Anyway, this gig has been great, but its been taxing as well. The saving grace comes from our awesome crew, a team that might be the most awesome team ever invented. Like, suriously.
Speaking of Suri...siri mmmm...wait, suri...ok, so is it just me, or does siri have more A-list eye witnesses than the OJ trial. And yet, we've broken 100 days without actually seeeing her. Like, what is that? Jada says she's "beautiful" oh and the lovely and Leah Remini claims she's held and seen her. So I guess it's only scientologists and rich black people that are allowed to witness her. Hazaa! Hooray for hollywood.

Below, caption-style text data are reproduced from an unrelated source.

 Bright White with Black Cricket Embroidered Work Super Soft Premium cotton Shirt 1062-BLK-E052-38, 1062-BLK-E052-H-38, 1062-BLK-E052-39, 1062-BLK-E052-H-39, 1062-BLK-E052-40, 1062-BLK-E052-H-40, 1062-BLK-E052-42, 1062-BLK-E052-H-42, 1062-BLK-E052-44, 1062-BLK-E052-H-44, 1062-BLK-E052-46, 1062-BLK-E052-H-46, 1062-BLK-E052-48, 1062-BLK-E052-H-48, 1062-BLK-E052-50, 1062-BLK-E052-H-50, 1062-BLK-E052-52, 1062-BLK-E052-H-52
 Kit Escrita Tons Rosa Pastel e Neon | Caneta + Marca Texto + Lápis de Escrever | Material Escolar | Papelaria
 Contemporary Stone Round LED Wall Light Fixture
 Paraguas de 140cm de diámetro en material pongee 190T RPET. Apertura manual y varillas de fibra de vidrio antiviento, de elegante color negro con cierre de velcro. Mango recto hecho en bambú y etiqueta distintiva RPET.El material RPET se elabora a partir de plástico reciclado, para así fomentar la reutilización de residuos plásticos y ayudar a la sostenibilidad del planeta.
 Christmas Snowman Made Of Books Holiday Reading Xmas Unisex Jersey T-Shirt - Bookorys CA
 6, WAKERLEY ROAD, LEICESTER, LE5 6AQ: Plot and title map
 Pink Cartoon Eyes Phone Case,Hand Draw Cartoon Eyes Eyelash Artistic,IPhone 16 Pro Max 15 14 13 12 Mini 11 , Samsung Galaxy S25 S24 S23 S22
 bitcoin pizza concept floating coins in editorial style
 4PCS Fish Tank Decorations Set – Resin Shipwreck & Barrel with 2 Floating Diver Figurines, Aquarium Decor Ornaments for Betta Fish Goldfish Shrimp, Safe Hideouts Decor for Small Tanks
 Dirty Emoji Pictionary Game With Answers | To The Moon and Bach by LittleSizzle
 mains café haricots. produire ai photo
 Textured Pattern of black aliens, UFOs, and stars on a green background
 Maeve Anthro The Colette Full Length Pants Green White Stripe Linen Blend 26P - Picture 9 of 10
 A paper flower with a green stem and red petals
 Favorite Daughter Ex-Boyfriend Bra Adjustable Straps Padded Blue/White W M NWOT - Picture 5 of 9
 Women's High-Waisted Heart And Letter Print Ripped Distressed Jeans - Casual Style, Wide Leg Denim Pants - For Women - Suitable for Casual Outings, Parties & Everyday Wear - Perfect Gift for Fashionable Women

If you ask me, this has the potential to be one of the largest conspiracies ever conceived by this sci-fi-by-night religion, one constituted of a hierarchy based solely on financial earnings. And I know this is a huge cover up already, but you know what? I think they're bluffing. In fact, I know they are bluffing. How do I know this? Katie Holmes is a lesbian. How do I know that? Cause she won't fuck me.
So,my charming yet brokeback roommate Grant informed me this morning that the FBI may be coming to our apartment to interview me. I won't say what for, rest assured its nothing negative, but it was just one of the most absurd things anyone has ever said to me. Because, you know...typically when someone says something in passing like, yeah watch out for the feds too, I laugh and let it roll off my shoulders. This, however, is completely different.
I'll let it go.
So I just found out that I am going to party my ass off this weekend. Go figure.
back to work, TV needs me.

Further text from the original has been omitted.